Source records
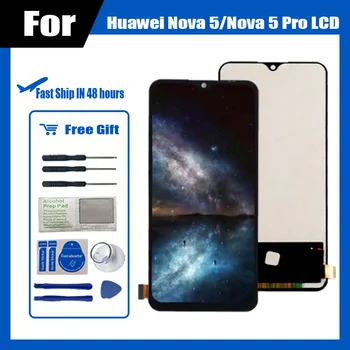 6.39inch OLED LCD за Huawei nova 5 / Nova5 Pro LCD дисплей сензорен екран SEA-AL10 SEA-AL00 дигитайзер събрание телефон подмяна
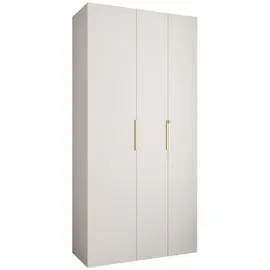 abiks möbel Drehtürenschrank COMO 120 x 245,5 x 40 cm Weiß/Gold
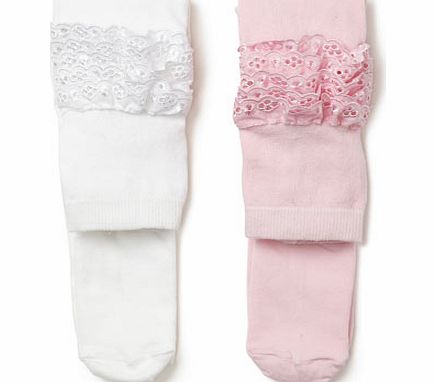 Bhs Girls 2 Pack Baby Frilly Tights, pink/white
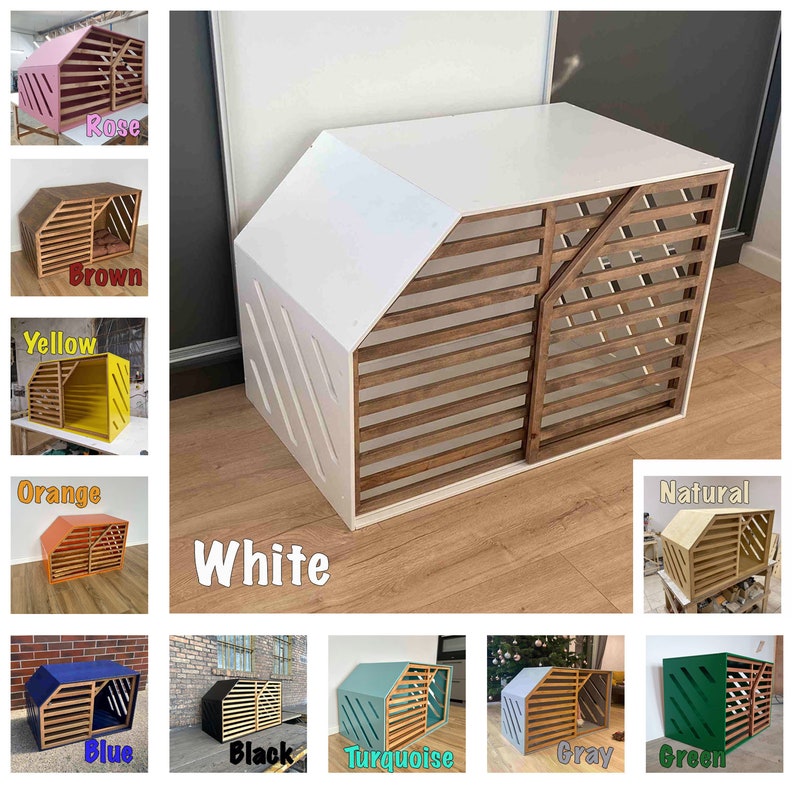 May include: A wooden dog house with a sloping roof and slatted sides. The house is available in a range of colours, including white, rose, brown, yellow, orange, natural, blue, black, turquoise, grey, and green.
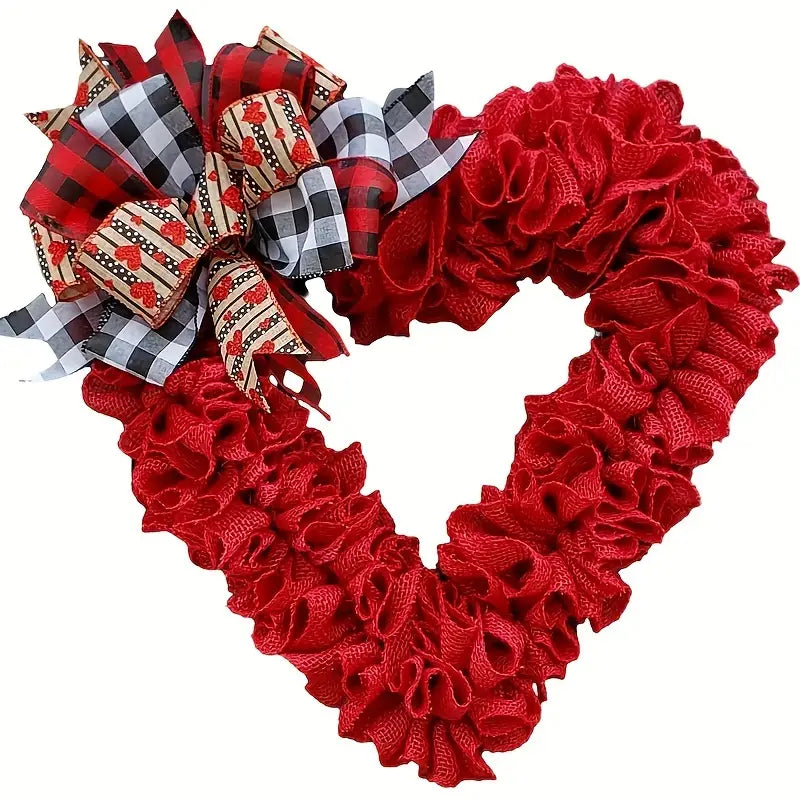 Valentine's Day Wrinkled Hemp Rope Heart-shaped Wreath-0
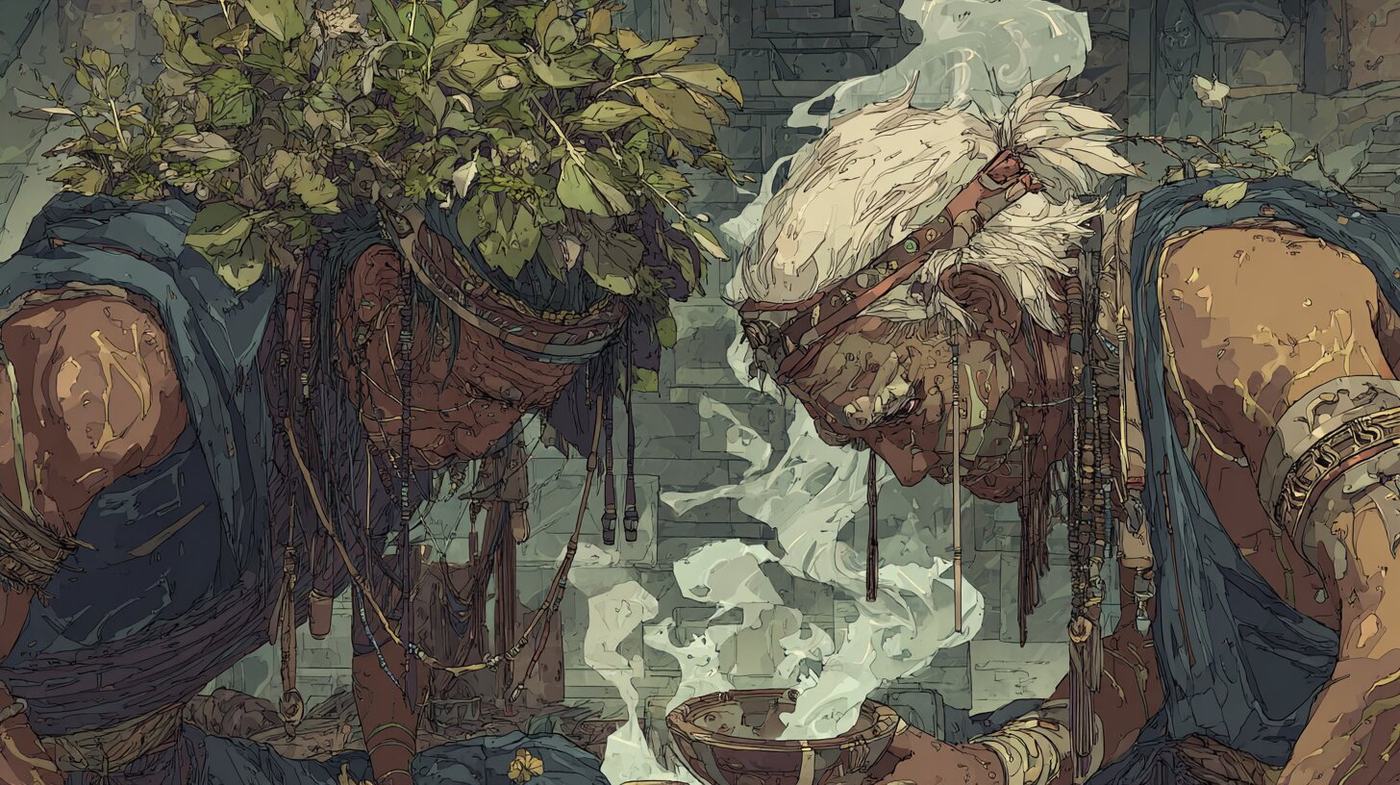 Two figures crowned with leaves bend close together over a smoking bowl.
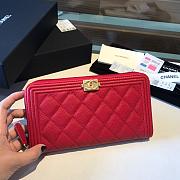Chanel Boy Long Zipped Wallet Grained Leather Red A80815 19cm - 1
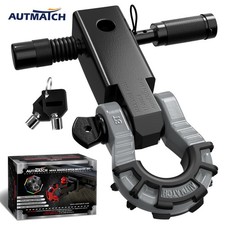 Autmatch 2 Shackle Hitch Receiver Mega D Ring Shackle Recovery Black Gray Autmatch 2 Shackle Hitch Receiver Mega D Ring Shackle Recovery Black Gray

# ASSIGNED TASK
Retype exactly the lines from the line containing "Bhs Girls 2" through the end of the entries above, including both ends, and leave every picture out.

# RESULT
 Bhs Girls 2 Pack Baby Frilly Tights, pink/white
 May include: A wooden dog house with a sloping roof and slatted sides. The house is available in a range of colours, including white, rose, brown, yellow, orange, natural, blue, black, turquoise, grey, and green.
 Valentine's Day Wrinkled Hemp Rope Heart-shaped Wreath-0
 Two figures crowned with leaves bend close together over a smoking bowl.
Chanel Boy Long Zipped Wallet Grained Leather Red A80815 19cm - 1
 Autmatch 2 Shackle Hitch Receiver Mega D Ring Shackle Recovery Black Gray Autmatch 2 Shackle Hitch Receiver Mega D Ring Shackle Recovery Black Gray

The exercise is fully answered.